Given records –
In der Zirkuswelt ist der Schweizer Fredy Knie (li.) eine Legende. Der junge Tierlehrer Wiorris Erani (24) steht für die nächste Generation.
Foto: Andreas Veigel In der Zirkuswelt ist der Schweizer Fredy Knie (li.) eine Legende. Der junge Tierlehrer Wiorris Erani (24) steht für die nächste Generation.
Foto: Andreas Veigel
---
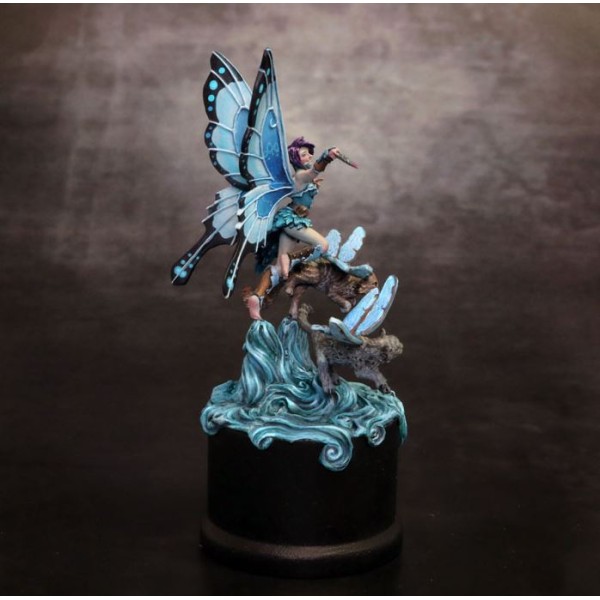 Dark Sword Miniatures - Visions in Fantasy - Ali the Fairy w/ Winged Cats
==
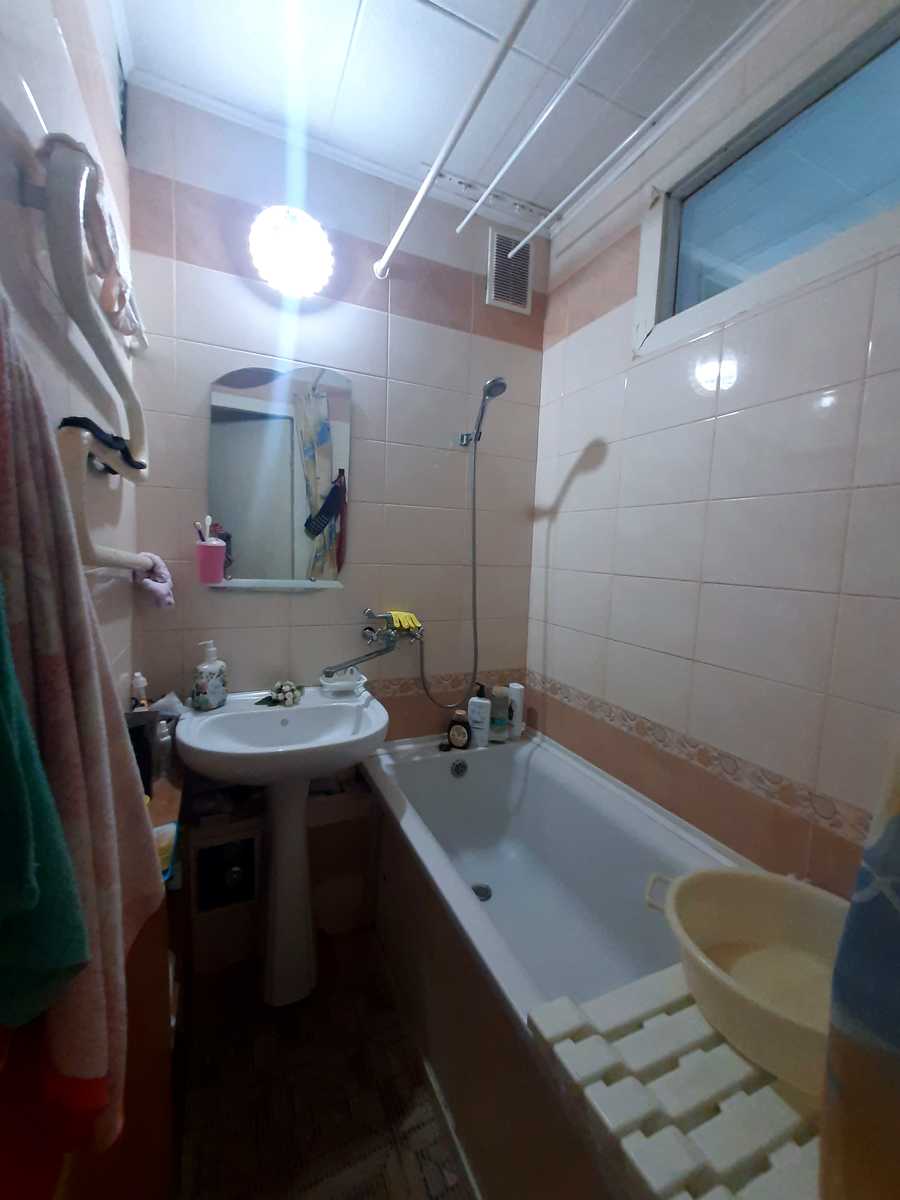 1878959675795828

Assignment – All of the lines above that carry the string "Legende" need to be found and copied.

Answer –
In der Zirkuswelt ist der Schweizer Fredy Knie (li.) eine Legende. Der junge Tierlehrer Wiorris Erani (24) steht für die nächste Generation.
Foto: Andreas Veigel In der Zirkuswelt ist der Schweizer Fredy Knie (li.) eine Legende. Der junge Tierlehrer Wiorris Erani (24) steht für die nächste Generation.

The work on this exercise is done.